Thursday, February 17, 2022

Disposable “culture” is for those who don’t even know what culture is

When people in this country talk about “culture,” it usually has something to do with “behavior,” religion or things they think they don’t need to be bothered with thinking about. For example, former NFL sideline reporter Michele Tafoya—who got that job because of “liberal” politics—became another white female “journalist” from a “liberal” network who has made known her right-wing beliefs. With typical right-wing hypocrisy, she is insisting that history that white people don’t like feeling “guilty” about (i.e. those things that have to do with learning from the past and not repeating them) is a “cultural” problem against whites. After first airing her views to general consternation on “The View” this past fall, she repeated them yesterday to (who else?) Tucker Carlson.

Tafoya’s and others complaints about “critical race theory” only confirms the issues CRT talks about; Tafoya falsely claimed that CRT is “responsible” for her son no longer being “friends” with a black and Korean. But believe me it, this happens all the time in this “culture”: being “friends” with a person of another color or “ethnicity” is a “step down” on the society ladder for many white kids who believe they should mingle with the “right people” for their own advancement—meaning of course other white people. It doesn’t take that long to learn the “cultural” realities of this society. On the other hand, it doesn’t help that today’s “popular culture" tends to exacerbate differences and divisions; you think Philly soul of the 70s sent the same “message” to white kids then as does most rap “music” does today? And the need for “scapegoats” isn’t always just a “white” problem.

This brings us to what Europeans mean when they talk about “culture”—particularly their “superior” brand of it. “Culture” is about “art”: literature, paintings, music and even films, and indeed most of the films I have posted about are European. When you listen to popular music today of European origin, you still hear the influence of times past, since there is little market for “music” like rap and hip-hop. In this country, it has become increasingly clear that what Europeans consider “culture” is of little interest to today’s generation of Americans. They are too self-absorbed with the ease of receiving current “culture” on their cell phones to have time to read books or be interested in what their predecessors watched or listened to.

For me, “culture” is mostly about movies and music. I am one of those serious collectors of disc-based media who is interested in having a physical copy of a film that I don’t have to worry about the vagaries of streaming videos (the Russian pirate website Ok.ru has virtually any film you could think of, except that many of them have a Russian audio track over the English track), but I want the best quality product and something I can physically hold in my hands that some streaming service can’t take away from me, or is no longer available because they lost the license for it. What good is disposable “culture” if most people don’t even care if they can’t even see it when they want to?

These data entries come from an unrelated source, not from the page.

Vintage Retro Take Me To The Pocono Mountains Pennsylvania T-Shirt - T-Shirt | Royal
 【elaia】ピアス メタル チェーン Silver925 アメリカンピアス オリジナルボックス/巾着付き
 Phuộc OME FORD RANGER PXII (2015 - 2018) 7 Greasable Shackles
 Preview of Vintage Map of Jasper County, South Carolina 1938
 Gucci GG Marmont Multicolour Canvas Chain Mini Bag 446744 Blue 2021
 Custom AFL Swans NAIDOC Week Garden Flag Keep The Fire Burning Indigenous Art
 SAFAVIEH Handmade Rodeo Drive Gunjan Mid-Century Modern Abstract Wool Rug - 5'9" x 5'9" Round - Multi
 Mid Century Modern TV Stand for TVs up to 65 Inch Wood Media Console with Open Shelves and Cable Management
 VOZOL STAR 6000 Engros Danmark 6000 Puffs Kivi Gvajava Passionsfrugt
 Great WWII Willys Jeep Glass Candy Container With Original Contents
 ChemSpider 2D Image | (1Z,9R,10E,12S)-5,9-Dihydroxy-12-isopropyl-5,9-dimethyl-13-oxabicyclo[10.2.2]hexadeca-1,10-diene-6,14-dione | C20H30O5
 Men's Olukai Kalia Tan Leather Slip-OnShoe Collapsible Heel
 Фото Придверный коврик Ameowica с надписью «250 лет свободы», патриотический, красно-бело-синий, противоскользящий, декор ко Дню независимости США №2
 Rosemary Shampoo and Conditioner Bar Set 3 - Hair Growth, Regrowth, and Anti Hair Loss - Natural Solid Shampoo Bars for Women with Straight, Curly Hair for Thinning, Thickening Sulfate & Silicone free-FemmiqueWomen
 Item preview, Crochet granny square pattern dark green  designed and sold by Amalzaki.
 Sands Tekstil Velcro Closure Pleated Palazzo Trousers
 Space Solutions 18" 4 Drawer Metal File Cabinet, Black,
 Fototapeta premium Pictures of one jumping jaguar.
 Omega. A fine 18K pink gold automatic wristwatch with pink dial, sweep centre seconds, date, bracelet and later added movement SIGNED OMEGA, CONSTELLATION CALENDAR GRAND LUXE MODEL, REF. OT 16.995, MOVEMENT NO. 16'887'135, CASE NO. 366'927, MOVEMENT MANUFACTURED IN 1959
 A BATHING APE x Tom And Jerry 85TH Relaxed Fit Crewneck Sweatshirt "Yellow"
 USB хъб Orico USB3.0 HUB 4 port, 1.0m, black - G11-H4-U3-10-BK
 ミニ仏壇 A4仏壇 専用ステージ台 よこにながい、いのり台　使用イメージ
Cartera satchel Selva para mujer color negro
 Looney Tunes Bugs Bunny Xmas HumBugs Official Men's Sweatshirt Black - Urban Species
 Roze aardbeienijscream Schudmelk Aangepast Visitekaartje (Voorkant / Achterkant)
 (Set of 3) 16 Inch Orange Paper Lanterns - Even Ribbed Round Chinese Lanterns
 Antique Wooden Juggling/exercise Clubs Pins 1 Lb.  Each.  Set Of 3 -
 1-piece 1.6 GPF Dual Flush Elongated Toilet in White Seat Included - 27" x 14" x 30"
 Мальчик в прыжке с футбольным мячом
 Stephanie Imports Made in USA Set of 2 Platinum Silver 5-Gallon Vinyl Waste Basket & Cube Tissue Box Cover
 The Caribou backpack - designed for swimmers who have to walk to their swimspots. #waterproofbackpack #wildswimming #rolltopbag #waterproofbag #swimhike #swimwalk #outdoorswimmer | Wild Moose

The “experts” boast of how streaming services have made CDs, DVDs and Blu-ray media “obsolete,” but I just laugh at those people or sneer at their lack of true cultural awareness. Even digital downloads are not really “yours” because DRM restrictions make them accessible only with proprietary software (like Amazon Prime’s or iTune’s), and HD and 4k are nowhere near the quality or adaptability of physical media.

But the thing is, for a true cultural connoisseur such as myself at my age, movies and music (and to a lesser extent these days, books) are what still makes life worth living, and I can even write about them here (Ken Russell’s Lisztomania I’ll be looking at in a week or two). I can’t really say how many video discs I have in my collection, but since my income increased somewhat dramatically in the past five years because of the increase of the local minimum wage laws, my Amazon order pages from 2017 extend 230 pages at ten orders per page, and I haven’t made video purchases from Amazon exclusively.

I have a medium-sized U-Haul storage unit that is filled 90 percent with containers of video discs, which most of them I copied to about 50 1-2 terabyte USB hard drives. I have an unhealthy tendency to give-up searching for an old purchase I know I have somewhere but didn’t copy, and just buy another one. Of course many of them were “impulse” buys, R-rated or “unrated” B-type movies that actually have the content you expect to see in movies with those ratings—and which I’ll probably end-up never watching anyways, but are better to purchase at list price now before they go OOP and outrageous prices are demanded by third-party sellers for used copies.

So on my off days I might hit “play all” from an old television show like “Lost in Space”—not that that crappy Netflix remake—during the afternoon and wonder why the crew doesn’t just  keep Dr. Smith locked up in his room 24 hours a day or “forget” that he was left behind on one of those desolate planets that all look the same...

 


...and then settle in for a few major studio back catalogue titles. It’s “amazing,” but when I watch something like Red Dust starring Clark Gable and Jean Harlow, I don’t even think of the fact that this film is 90 years old and was made way before my time; films like this are just a reminder of how bereft films and television are today of new ideas and charismatic stars. 

 


 

Anyways, that is what I consider to be “culture.” Those people who define “culture” by societal prejudices and stereotypes and not by artistic legacy or even knowledge of it just bore the hell out of me. I’d rather just watch a good movie because, to quote Christy in Playboy of the Western World, “to think if it’s a poor thing to be lonesome it’s worse, maybe, to go mixing with the fools of the earth.”